Triangulate rectangular parallelepiped in $\mathbb{R}^{n}$ I need to triangulate the n-dimensioned rectangular parallelepiped in $\mathbb{R}^{n}$ into a set of $n$-simplices.
Could you suggest me any known algorithm for that or maybe an extension of Delaunay triangulation for $n > 2$ cases?

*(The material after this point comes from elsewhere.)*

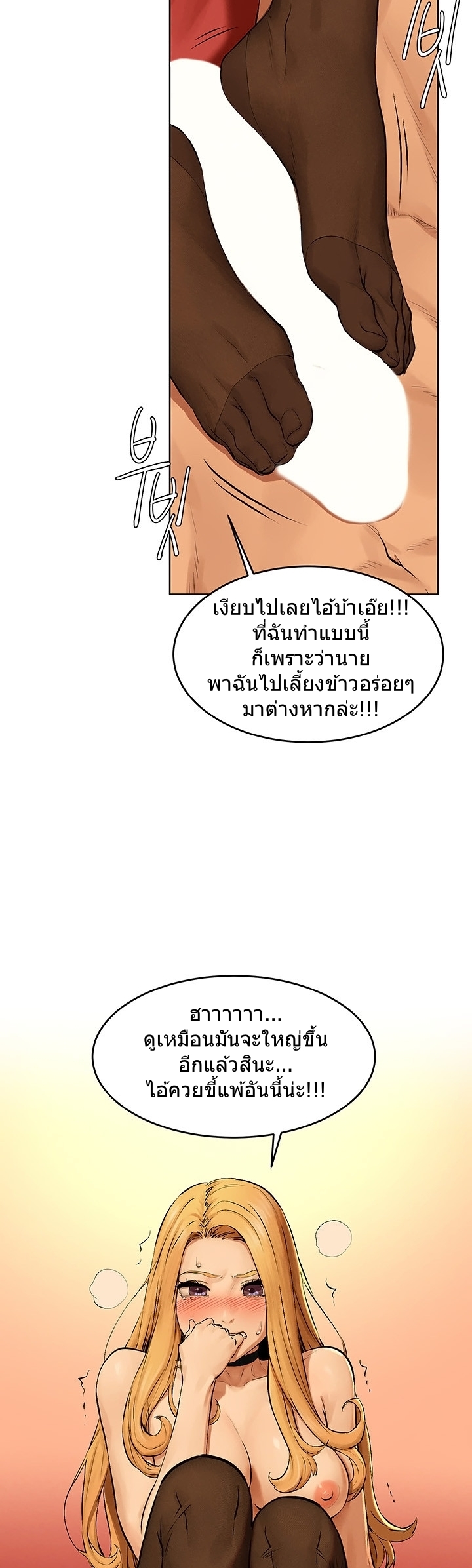 Silent War ตอนที่ 120 แปลไทย รูปที่ 13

 A: The construction outlined by Ross suffices to dissect an $n$-cube into $n!$ congruent $n$-simplices known 
as Schläfli orthoschemes.
One might ask if $n!$ is the smallest number of simplexes needed to dissect an $n$-cube, and it is not in general.  For example the $3$-cube may be dissected into as few as five tetrahedra (not all congruent).  See Lower Bounds for the Simplexity of the $n$-Cube.  The exact minimum number needed to dissect a $4$-cube is known to be 16 rather than 24 = 4!.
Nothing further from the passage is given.